Scientists Create 'Sun Sponges' to Capture Sunlight

There may be a new way to capture sunlight. Scientists have created a ring of protein and pigments, half synthetic and half natural, that can be used to quickly prototype light-harvesting antennas that absorb more sunlight than natural ones.

In all, the researchers created two prototype antennas that they built on a testbed, a platform for rapid prototyping of light-harvesting antennas that take the first step in converting sunlight into usable energy. The antennas themselves are made up of protein scaffolding that holds pigment molecules in ideal positions to capture and transfer the sun's energy. The number and variety of the pigment molecules determines how much of the sun's energy that the antennas can grab and dump into an energy trap.

It's the dye that really makes the difference between these two antennas. Nature has evolved many different systems to capture the sun's energy, but all rely on pigments. Most plants, for example, use chlorophyll, which makes them appear to be green. Yet plants miss the middle part of the visible spectrum in their light collection and also miss light at wavelengths longer than we can see.

"Since plant pigments actually reject a lot of the light that falls on them, potentially there's a lot of light you could gather that plants don't both with," said Neil Hunter of the University of Sheffield in a news release.

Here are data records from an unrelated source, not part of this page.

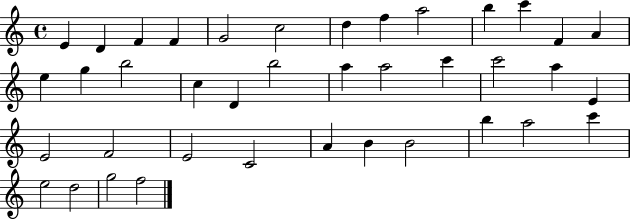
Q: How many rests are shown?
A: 0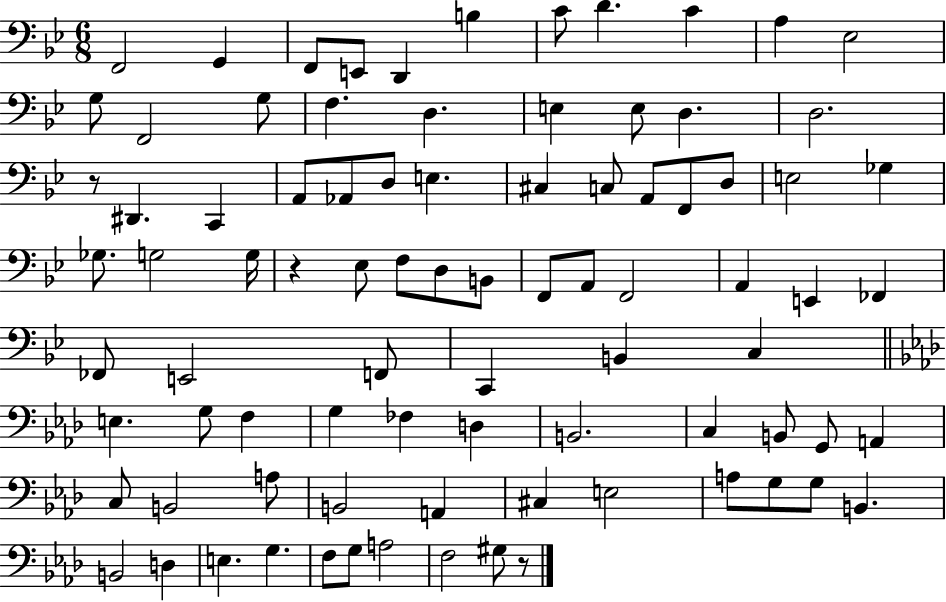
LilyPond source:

{
  \clef bass
  \numericTimeSignature
  \time 6/8
  \key bes \major
  f,2 g,4 | f,8 e,8 d,4 b4 | c'8 d'4. c'4 | a4 ees2 | \break g8 f,2 g8 | f4. d4. | e4 e8 d4. | d2. | \break r8 dis,4. c,4 | a,8 aes,8 d8 e4. | cis4 c8 a,8 f,8 d8 | e2 ges4 | \break ges8. g2 g16 | r4 ees8 f8 d8 b,8 | f,8 a,8 f,2 | a,4 e,4 fes,4 | \break fes,8 e,2 f,8 | c,4 b,4 c4 | \bar "||" \break \key aes \major e4. g8 f4 | g4 fes4 d4 | b,2. | c4 b,8 g,8 a,4 | \break c8 b,2 a8 | b,2 a,4 | cis4 e2 | a8 g8 g8 b,4. | \break b,2 d4 | e4. g4. | f8 g8 a2 | f2 gis8 r8 | \break \bar "|."
}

In this case, one of the antennas incorporated synthetic dyes called Oregon Green and Rodamine Red. The other antenna combined Oregon Green and a synthetic version of the bacterial pigment bacteriochlorophyll that absorbs light in the near-infrared region of the spectrum. With the use of these pigments, both of these designed soaked up more of the sun's spectrum than native antennas in purple bacteria that provided the inspiration and some components for the testbed.

"This is an example of what the field would refer to as semi-synthesis," said Jonathan Lindsey, one of the researchers, in a news release. "We take naturally occurring materials and combine them with synthetic ones to make something that doesn't exist in nature. By taking lots of material from nature we can make molecules that are architecturally more complex than those we can make from scratch."

In the future, these antennas could potentially be used in a two-part system consisting of an antenna and a second unit called a reaction center. This system could serve as a miniature power outlet into which photochemical modules could be plugged. The sun's energy could them be used directly to split water or generate electricity.

The findings are published in the journal Chemical Science.